Summary of Research
Broad area of research- Cell and Molecular biology/Molecular genetics: Transcription, chromatin and gene regulation
Specific areas- (1) TAF complexes and Mechanism of Transcription in Saccharomyces cerevisiae, Candida albicans; (2) Gene regulation during Iron Homeostasis in Candida albicans (3) Transcriptional Regulatory Network controlling Melanogenesis and pigment disorders using Mouse Melanoma cell lines
The broad area of our research is to dissect the mechanisms and paradigms of gene regulatory networks in eukaryotes. As the transcriptional apparatus is conserved from yeast to humans, we use the model budding yeast Saccharomyces cerevisiae for structure-function analysis of transcriptional coactivator proteins. A second major area of research in the laboratory is to understand the function of novel or diverged transcriptional regulators and transcriptional coactivators in the genome of pathogenic fungus Candida albicans. A third major area of our research is to examine the gene regulatory networks controlling melanogenesis using mouse melanoma cell model.
We employ a wide variety of techniques including molecular genetics, microarray-based transcriptome analysis, proteomics, protein purification, yeast genetics, recombinant protein expression and computational tools.
Structure-function analysis of the Evolutionarily Conserved TAF Transcriptional Coactivators
A plethora of transcriptional coactivator complexes are multisubunit protein machines. Transcriptional activator proteins recruit these coactivator complexes in an ordered manner to the promoters of target genes for transcriptional activation.
We are studying the structure-function relationship of the coactivator TBP-associated factors (TAFs) that are present in both the SAGA histone acetylase complex and TFIID complex. In a recent study, we showed that the TAF9 C-terminal domain is essential for SAGA and TFIID occupancy to all three classes of promoters viz., SAGA-dominated, TFIID-dominated as well as the dual SAGA and TFIID-dominated promoters. The TAF9 C-terminal domain is essential for transcriptional activation by the acidic activator Gcn4 and other activators in yeast. We are now examining what amino acid residues in TAF9 as well as its interacting partner TAF6 contribute to promoter occupancy and transcriptional activation.
These studies will address the specific roles carried out by TAF coactivators in transcription in yeast and other eukaryotes.
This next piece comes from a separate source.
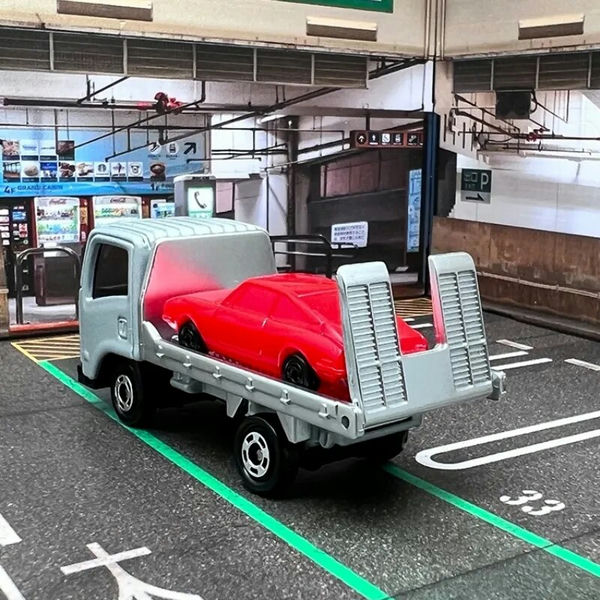 17 Mô hình xe Tomica Asia Original AO-02 Isuzu Elf Vehicle Transporter có thể bật mở chốt
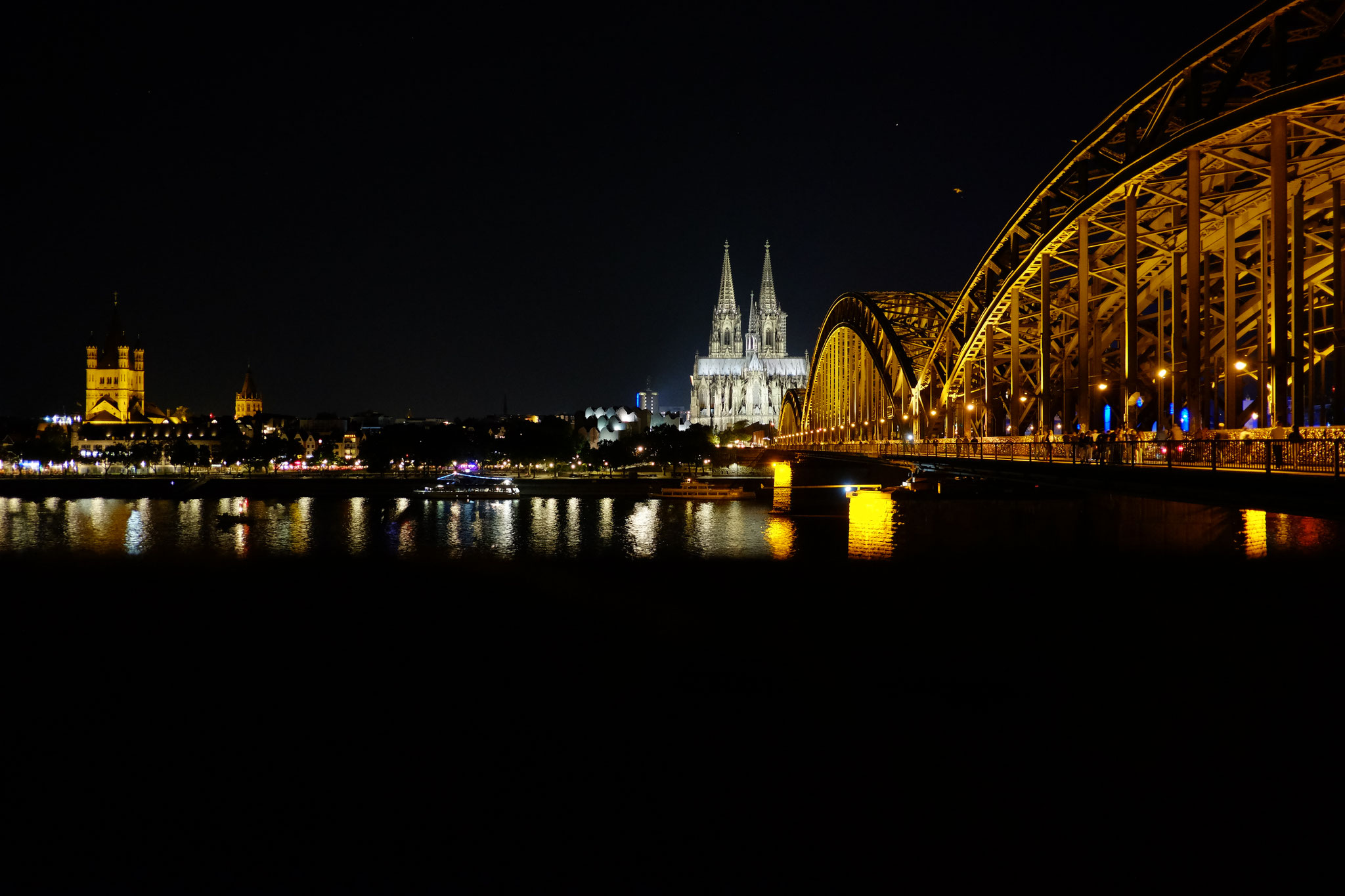 Kölner Dom nachts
Nutrient Control of Gene Regulation in the human fungal pathogen Candida albicans
Transcriptional regulators, aka transcription factors (TFs) play pivotal roles to modulate gene expression in response to environmental signals and host-pathogen response. Using computational tools, we identified over 200 sequences encoding the DNA-binding class of transcriptional regulators in the Candida albicans genome.
Iron is a micronutrient that is essential for cell growth and physiology. Pathogens such as C. albicans have to mobilize iron from iron-poor host environment. In our functional studies of novel TFs, we serendipitously discovered the Cap2-HAP complex as a critical regulator of iron homeostasis gene regulation and virulence of C. albicans. We are now studying how the multiple TFs coordinate the transcriptional control of iron homeostasis gene regulation.
Transcriptional regulatory networks controlling melanogenesis
Diversity of skin color is primarily governed by the type and quantity of melanin pigment in the epidermal layer of skin. Indeed several skin depigmentary disorders such as Vitiligo are also the result of melanin loss in skin. We are interested in the transcriptional regulatory networks that control melanogenesis- hyper-pigmentation and hypo-pigmentation using B16 mouse melanoma cell lines as a model.